Monday, June 25, 2012 
The Defence Science and Technology Organisation (DSTO) is part of Australia’s Department of Defence and Australian Government’s lead agency charged with applying science and technology to protect and defend Australia and its national interests ( http://www.dsto.defence.gov.au ). 
Speaker: Dr Gulay Mann BSc (Hons), Ph.D., Research Advisor to Defence Science Institute, Principal Research Scientist, Human Protection & Performance Division, Defence Science and Technology Organisation, Australia.

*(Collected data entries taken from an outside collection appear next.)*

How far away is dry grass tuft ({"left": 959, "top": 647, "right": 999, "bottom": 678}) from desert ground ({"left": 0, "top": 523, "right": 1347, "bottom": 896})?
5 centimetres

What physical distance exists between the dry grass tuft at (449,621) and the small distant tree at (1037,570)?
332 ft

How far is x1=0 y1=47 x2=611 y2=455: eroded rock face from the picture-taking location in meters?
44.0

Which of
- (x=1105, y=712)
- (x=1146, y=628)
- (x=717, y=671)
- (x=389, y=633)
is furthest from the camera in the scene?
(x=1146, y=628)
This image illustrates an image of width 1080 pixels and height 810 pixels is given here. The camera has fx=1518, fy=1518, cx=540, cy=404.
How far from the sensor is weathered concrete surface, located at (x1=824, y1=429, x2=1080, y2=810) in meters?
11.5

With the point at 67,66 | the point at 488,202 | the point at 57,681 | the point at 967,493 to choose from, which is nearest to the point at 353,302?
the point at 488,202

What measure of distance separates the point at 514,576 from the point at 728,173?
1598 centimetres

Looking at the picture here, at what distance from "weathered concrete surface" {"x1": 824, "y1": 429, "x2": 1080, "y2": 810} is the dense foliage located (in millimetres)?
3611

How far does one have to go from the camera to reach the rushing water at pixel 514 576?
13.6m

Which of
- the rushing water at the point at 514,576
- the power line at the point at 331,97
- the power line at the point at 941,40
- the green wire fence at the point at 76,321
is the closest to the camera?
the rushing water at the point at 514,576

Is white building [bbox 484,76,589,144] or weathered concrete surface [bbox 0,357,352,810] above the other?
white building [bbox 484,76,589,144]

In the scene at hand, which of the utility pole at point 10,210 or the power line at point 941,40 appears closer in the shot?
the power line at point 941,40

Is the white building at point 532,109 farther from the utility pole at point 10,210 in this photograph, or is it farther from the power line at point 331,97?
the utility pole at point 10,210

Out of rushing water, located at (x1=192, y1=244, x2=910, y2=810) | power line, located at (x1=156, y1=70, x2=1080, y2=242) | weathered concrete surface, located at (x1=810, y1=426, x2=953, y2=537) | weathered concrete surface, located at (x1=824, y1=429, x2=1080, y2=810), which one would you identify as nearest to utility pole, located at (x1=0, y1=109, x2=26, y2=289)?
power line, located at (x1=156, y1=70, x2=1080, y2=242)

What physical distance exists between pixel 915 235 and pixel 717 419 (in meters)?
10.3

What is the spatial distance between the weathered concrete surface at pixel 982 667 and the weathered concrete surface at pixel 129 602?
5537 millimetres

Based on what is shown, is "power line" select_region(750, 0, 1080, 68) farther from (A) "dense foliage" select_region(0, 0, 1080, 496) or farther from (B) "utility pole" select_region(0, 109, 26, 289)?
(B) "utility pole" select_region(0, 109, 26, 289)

Abstract: In January 2002, Dr Mann commenced work with CSIRO Division of Plant Industry at the Black Mountain laboratories in Canberra. Her research activities included: a) The application of molecular/genetic analyses to investigate the genes responsible for complex dough attributes; b) Processing of novel cereal grains for maximum health benefit; c) Genetic basis of wheat quality; d) Development of improved analytical methods for key wheat quality traits; and e) Development of a laboratory scale baking facility. She has written numerous papers and conference proceedings on dough rheology, wheat and end product quality.
Dr Mann joined DSTO’ss Human Protection and Performance Division in February 2006 as an S&T 7 (corresponding to Principal Research Scientist), as Capability Leader of Defence Nutrition and Food Technology. Dr Mann provided scientific leadership for DSTO’ss research programs in Nutrition & Dietetics and Food Science & Technology, and also supervised the management of the freeze dried meal production line. 
In March 2009, Dr Mann took up a career development position at the DSTO Headquarters as the Director Strategic Planning and Coordination in Science Strategy and Policy Branch. In this role, she involved in the strategic coordination and science planning across DSTO as well as providing policy advice on the defence science and technology capabilities needed to achieve Defence’s broad objectives and priorities.
Since September 2011, Dr Mann is developing an enabling research program in Synthetic Biology.